Who Must File FinCEN Form 114?
The FBAR filing requirement applies to U.S. persons – a term defined more broadly than most people expect. Under FinCEN rules, you are a U.S. person if you are:
- A U.S. citizen – regardless of where you live or how long you’ve lived abroad
- A U.S. resident alien – including lawful permanent residents (green card holders)
- A U.S. entity – corporations, LLCs, partnerships, trusts, and estates created under U.S. law
Living abroad doesn’t exempt you. Claiming the Foreign Earned Income Exclusion doesn’t exempt you. Filing taxes in another country doesn’t exempt you. As long as you hold U.S. person status, you carry FBAR obligations for any qualifying foreign accounts.
Beyond citizenship or residency, there are two types of relationships with a foreign account that trigger a filing requirement:
- Financial interest: You own the account directly, or you own more than 50% of a foreign entity that owns the account, or you are the grantor of a foreign trust that holds the account.

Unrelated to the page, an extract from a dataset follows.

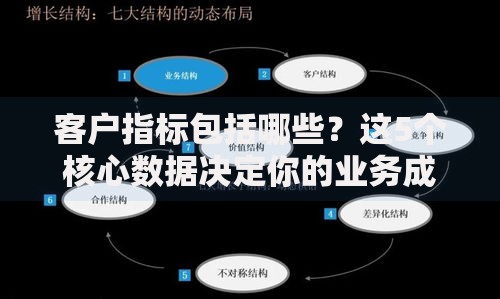 客户指标包括哪些？这5个核心数据决定你的业务成败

- Signature authority: You have the authority to control the disposition of assets in the account – even if you don’t own it. Corporate officers and employees who can sign on company foreign accounts often have FBAR obligations they don’t know about.
All three conditions must be met to trigger the FBAR requirement:
- You are a U.S. person
- You have a financial interest in or signature authority over at least one foreign financial account
- The aggregate maximum value of all qualifying accounts exceeded $10,000 at any point during the calendar year
If those three conditions apply, you must file – and you must report every qualifying account, not just the ones that pushed you over the threshold.
The $10,000 Threshold: How It Actually Works
The $10,000 threshold is aggregate and it’s based on maximum value – not ending balance. This creates compliance problems for people who think about it the wrong way.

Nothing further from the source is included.